In a remarkable discovery, 9 million-years-old fossil of extinct ape-like creature unearthed in Bilaspur, Himachal
SHIMLA- Dr. Anek R Sankhyan, a former scientist with the Anthropological Survey of India and now head of the Paleo Research Society, have discovered 9 million-years-old fossil remains of Krishnapithecus, genus of primitive ape-like ancestors called pliopithecoid, from Haritalyanagar in Bilaspur district, Himachal Pradesh. The fossils are two lower molar teeth of an infant. The creature lived during Miocene period of human evolution and resembles to Siamang Gibbons found in the Himalaya and South-East Asia.
Earlier, Dr. Sankhyan had discovered a late survivor of a hominid called Sivapithecus in the same area in 1985.The new discovery suggests that Haritalayangar perhaps served as an asylum for hominids during the very late Miocene period.

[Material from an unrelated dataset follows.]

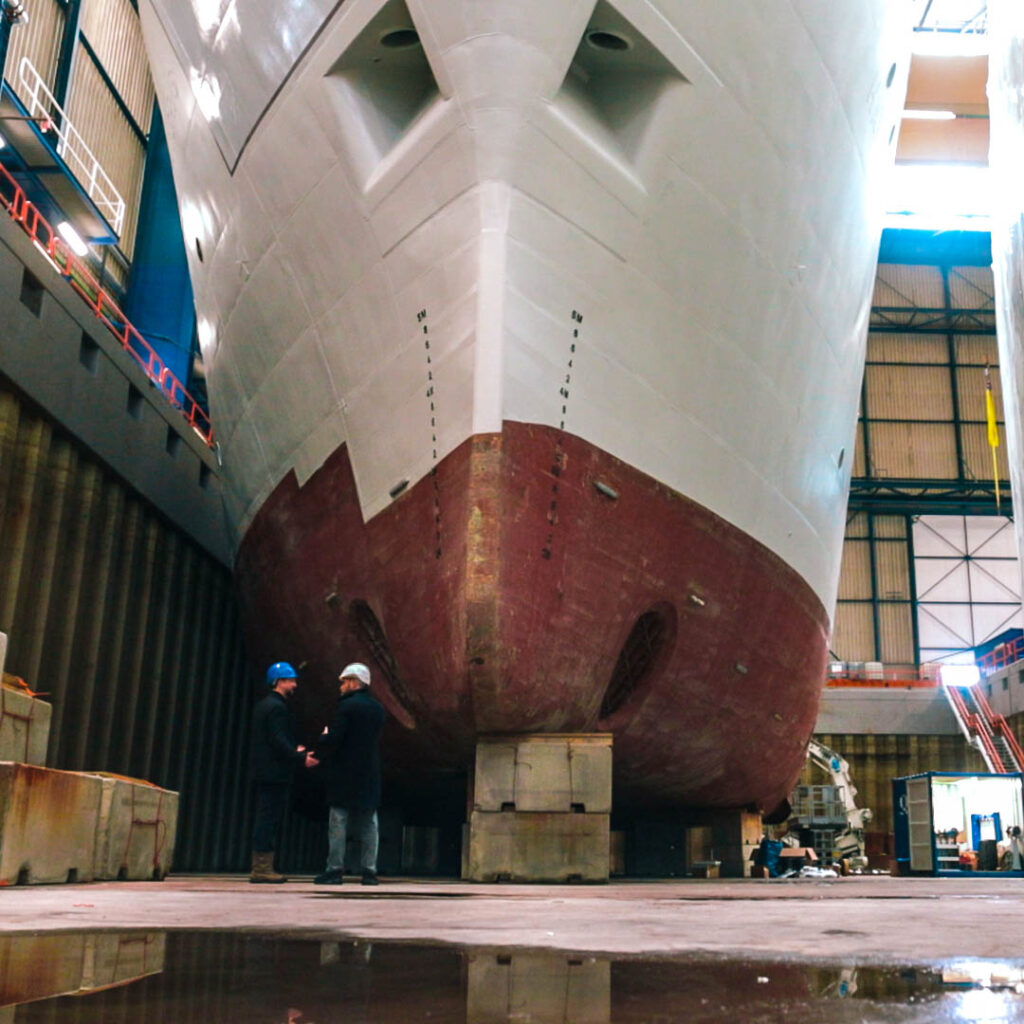 Two people inspect a yacht being built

This is the first time that Anthropologist found clinching evidence about the existence of a primitive ape Pliopithecoids in India. The researchers, in a research study titled “A highly derived pliopithecoid from the Late Miocene of Haritalyangar,India”, published in Journal of Current Science and the Human Evolution, established that the primitive creature lived in the forests of present day Shivalik Hills. The research study is co-authored by Dr. Jay Kelley of Institute of Human Origins and School of Human Evolution and Social Change, Arizona State University and Terry Harrison of the Centre for the Study of Human Origin in the Department of Anthropology at New York University.
Krishnapithecus of the Pliopithecoid family is not much studied due to fewer evidences. Therefore, the current finding will provide more knowledge to those studying evolution of Krishnapithecus and its habitats on the globe.

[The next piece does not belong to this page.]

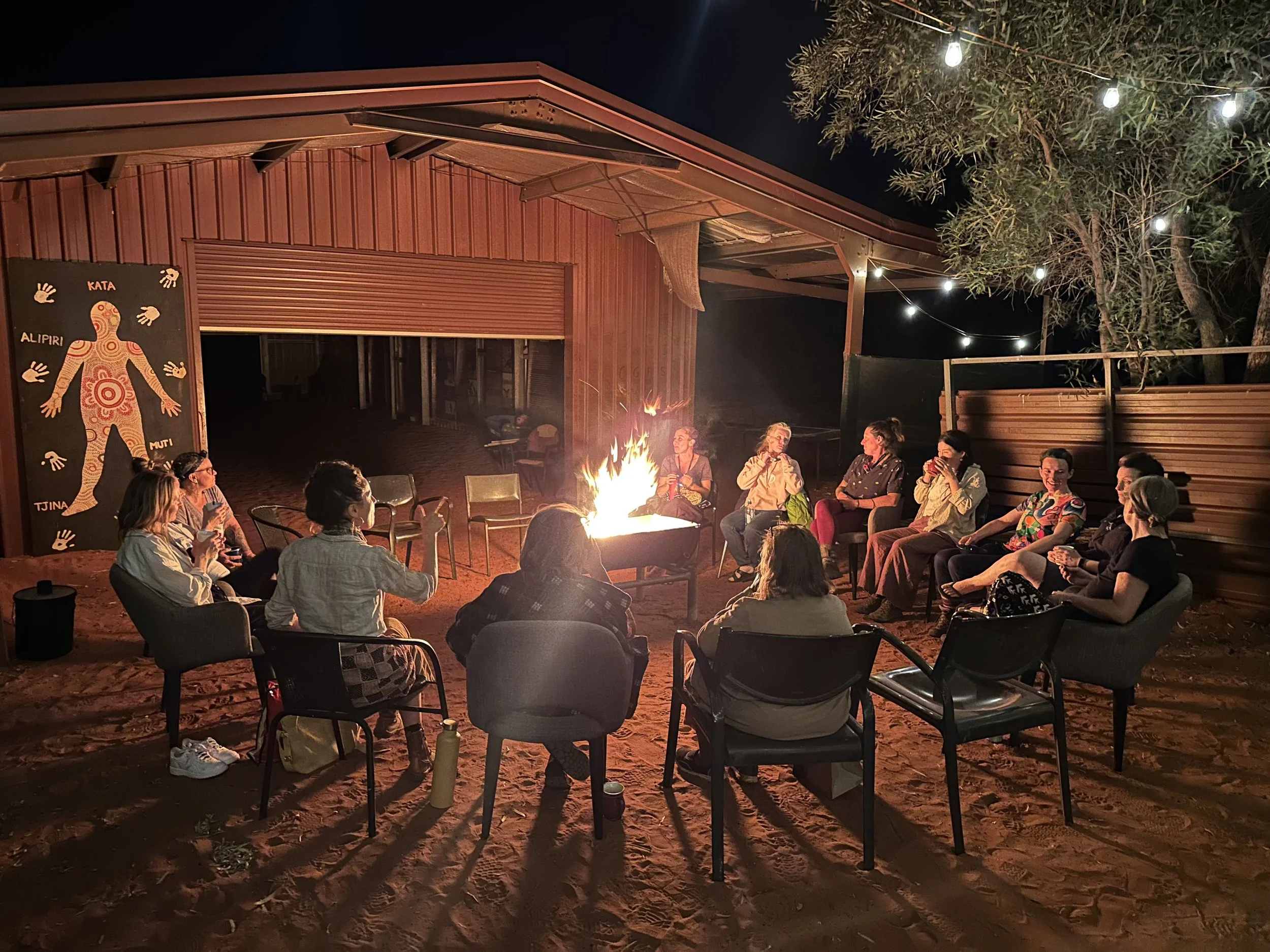 A group of people sitting around a campfire outdoors at night, with string lights overhead and a wooden building in the background.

According to the research,
Two lower molars from Haritalyangar that bear unmistakable pliopithecoid features and that are plausibly assignable to the same species as the type specimen of K. krishnaii. They convincingly demonstrate for the first time the presence of the Pliopithecoidea in South Asia. The new molars also reveal that K. krishnaii was perhaps the largest known pliopithecoid and that it possessed highly derived post-canine dental morphology.
The research further explained,
Because of its highly derived nature, it is dif cult to determine its relationships within Pliopithecoidea, but a sister taxon relationship with either the Dionysopithecidae or Pliopithe-cinae is equally plausible; it is only distantly related to the Crouzeliinae. It is sufficiently distinct, how-ever, from all other pliopithecoids to warrant placement in a separate family.
This tooth is a germ of a left m2 (molar), with almost complete crown formation and no development of the roots. It’s identical as m2 is indicated by its relative crown breadth and proportions. The enamel surface exhibits minor etching on the buccal and distal faces, resulting in a pale gray patina. The dis-tolingual margin of the crown was broken away during preparation, and subsequently glued back in place, but a crack is left at the joint,
said the research.
It’s not the first time that evidences of existence of a Pliopithecoid genus have been unearthed in India. Researcher SRK Chopra and S Kaul, in 1970s, had for the first time discovered a third upper molar from Haritalyangar. But due to poor condition of the fossils, not much information could be derived.
Dr. Sankhyan, who lives in Ghumarwin in Haritalyangar, continues his research. Following his retirement from the Anthropological Survey of India, he founded an organisation called Palaeo Research Society in 2012. Dr. Sankhyan even set up a museum at his house where he keeps fossils and Stone Age implements discovered in that area.